At the turn of the 20th century and into the fourth decade, the virus rabies was rampant in canines in the State of New Jersey. As a matter of public health and safety municipalities had to appoint a “dog collector” to round up dogs that were suspected of having rabies. A vaccination requirement was also instituted at that time, and, remains in affect today. So others could verify that an animal was inoculated with a rabies vaccine, brass tags were required to be attached to an animals collar. Today, we call them dog licenses.
As the years progressed these “dog collectors” came to be called "dogcatchers." Keepers of local impoundment facilities (dog pounds), many times the "dogcatcher," came to be known as the "dog warden." Public health departments were and still are required to provide certain core services or “Minimum Standards of Performances” in their local jurisdictions. One of those core services is an organized rabies control program intended to control and prevent the spread of rabies.
Soon "dog catchers" were being asked by municipalities to address other local issues pertaining to animals. The title “animal warden” soon took hold and even today some agencies still refer to their animal control services in this antiquated manner. In 1968 pursuant to the “Administrative Procedure Act” P.L. 1968, c 410 C.52:14B-1 et seq.), the title “Animal Control Officer” evolved, and is still the appropriate reference. More and more duties continued to be bestowed on this “public servant.”

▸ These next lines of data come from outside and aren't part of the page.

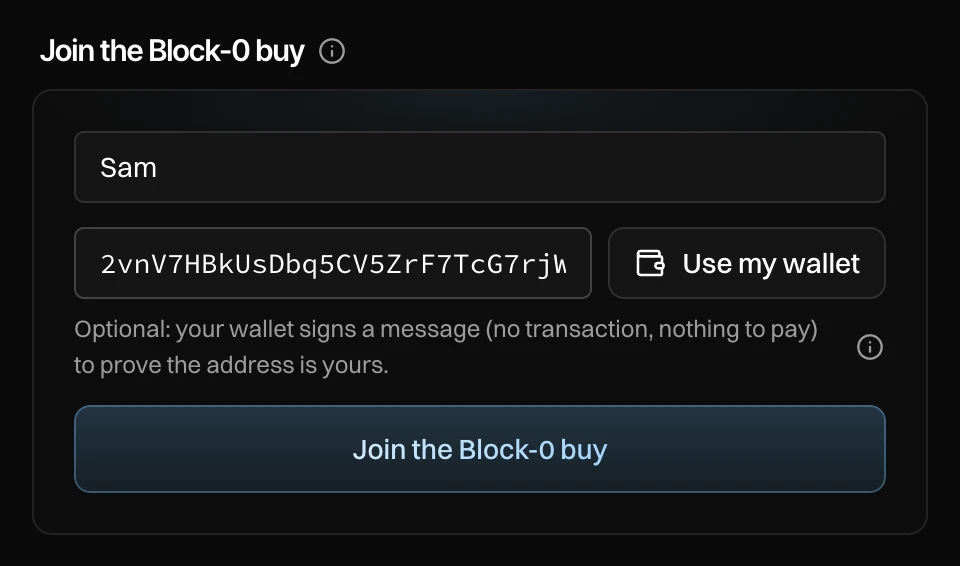 Join the Block-0 buy with a name, a Solana address, Use my wallet and the Join the Block-0 buy button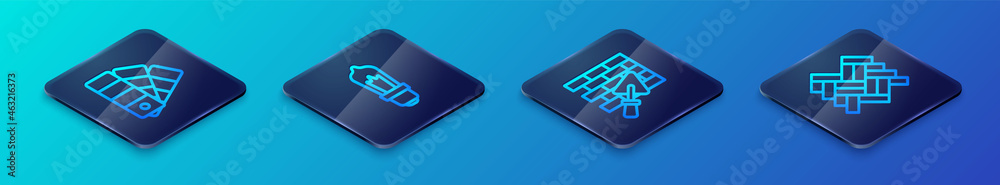 Set Isometric line Brick wall with trowel, Color palette guide, Parquet and Light bulb icon. Vector Set Isometric line Brick wall with trowel, Color palette guide, Parquet and Light bulb icon. Vector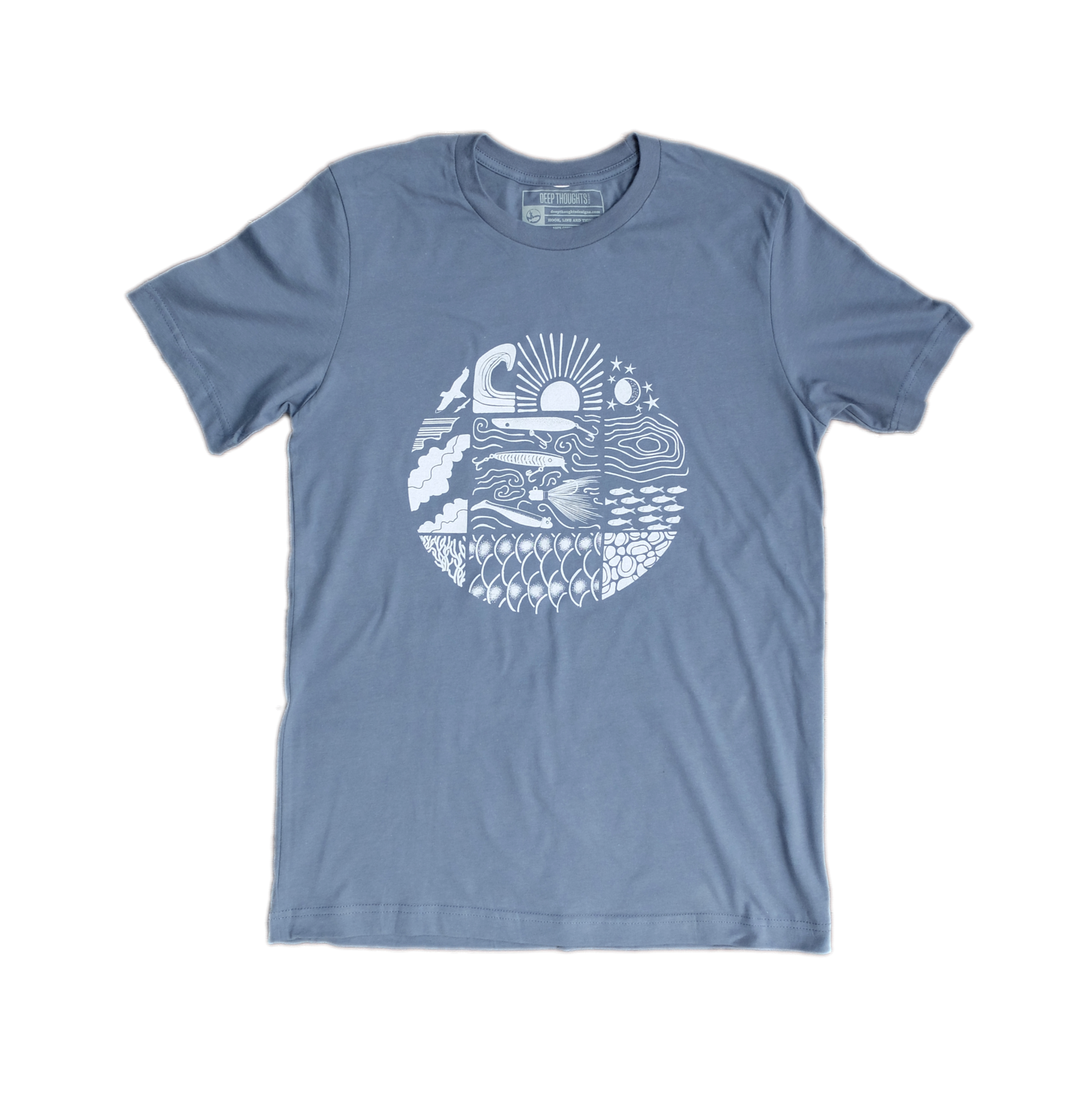slate blue cotton t-shirt with white circular design showing multiple boating and fishing sights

In 1983, pursuant to section 4 of P.L. 1983, c. 525, and in accordance with the “Administrative Procedure Act” 1968, the Commissioner of Health and Senior Services was required to adopt rules and regulations concerning the training and educational qualifications of Animal Control Officers. Two of the most important aspects of this statute were that Animal Control Officers were required to be State certified, and, all New Jersey municipalities were now required to appoint an Animal Control Officer. There are now over 1,500 Animal Control Officers who have been New Jersey State Certified.
Around the same time, (the early 80’s) a group of local Animal Control Officers in the Essex/Union County area would get together at a small Millburn Diner once a month to discuss issues and compare notes as to what was going on "in their neck of the woods." It wasn’t long before they realized that many of their problems were similar in nature. That small group of officers weren’t aware of it at the time, but they were participating in what is now known to be the first meetings of the New Jersey Certified Animal Control Officers Association (NJCACOA). Some of those very same officers remain on the job and are still active in the NJCACOA.
Once municipalities were required to appoint an Animal Control Officer, many had an opportunity to meet with others in their profession and discuss in open forum the challenges facing them on a daily basis. This is accomplished through an ongoing relationship with the NJCACOA.